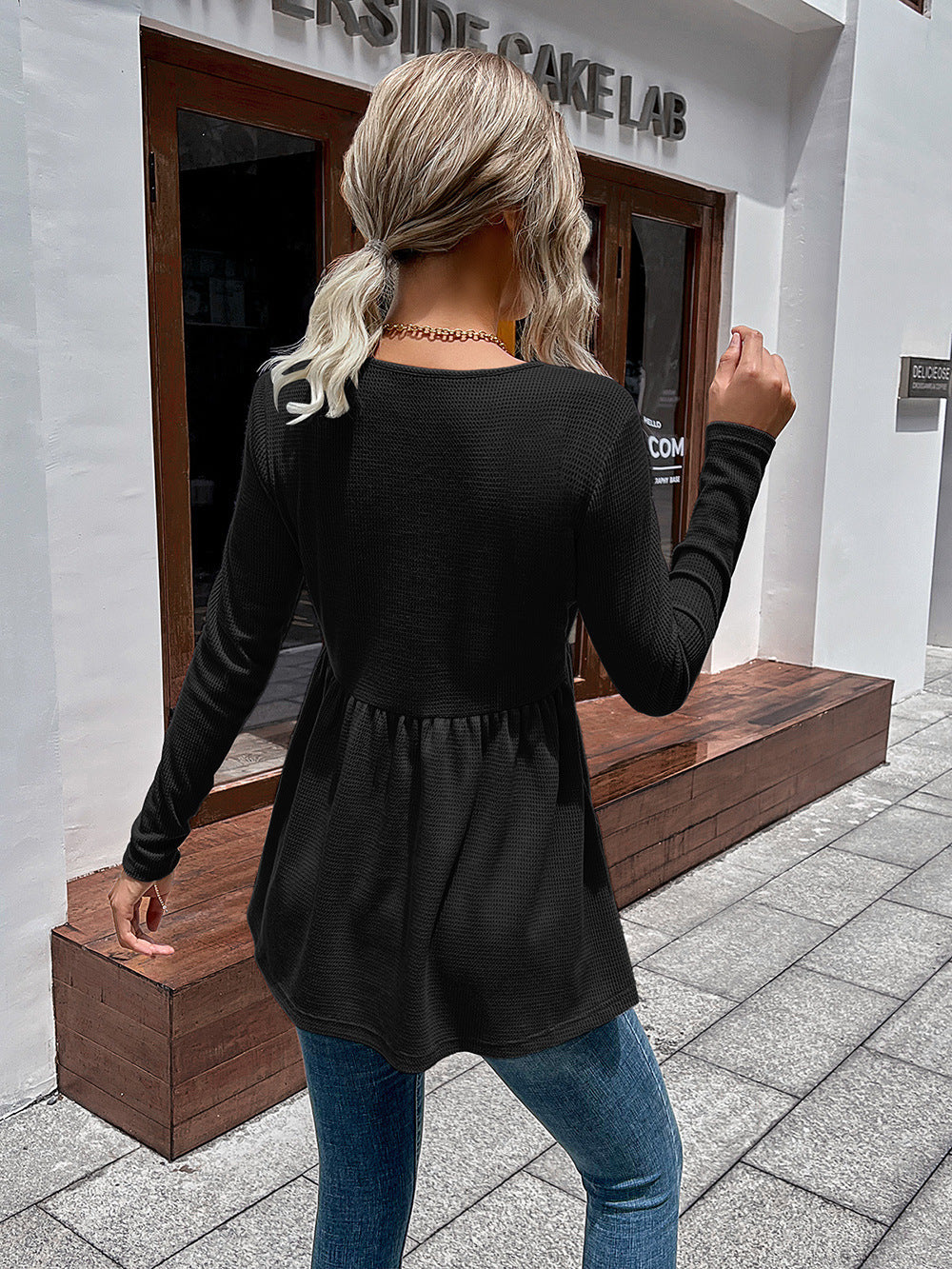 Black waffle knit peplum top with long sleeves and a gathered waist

========================================

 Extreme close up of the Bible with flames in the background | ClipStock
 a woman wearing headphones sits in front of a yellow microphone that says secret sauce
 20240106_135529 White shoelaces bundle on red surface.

========================================

Copy the lines above exactly. Start with the line containing "Extreme close up", end with the line containing "20240106_135529 White shoelaces", and include both.

 Extreme close up of the Bible with flames in the background | ClipStock
 a woman wearing headphones sits in front of a yellow microphone that says secret sauce
 20240106_135529 White shoelaces bundle on red surface.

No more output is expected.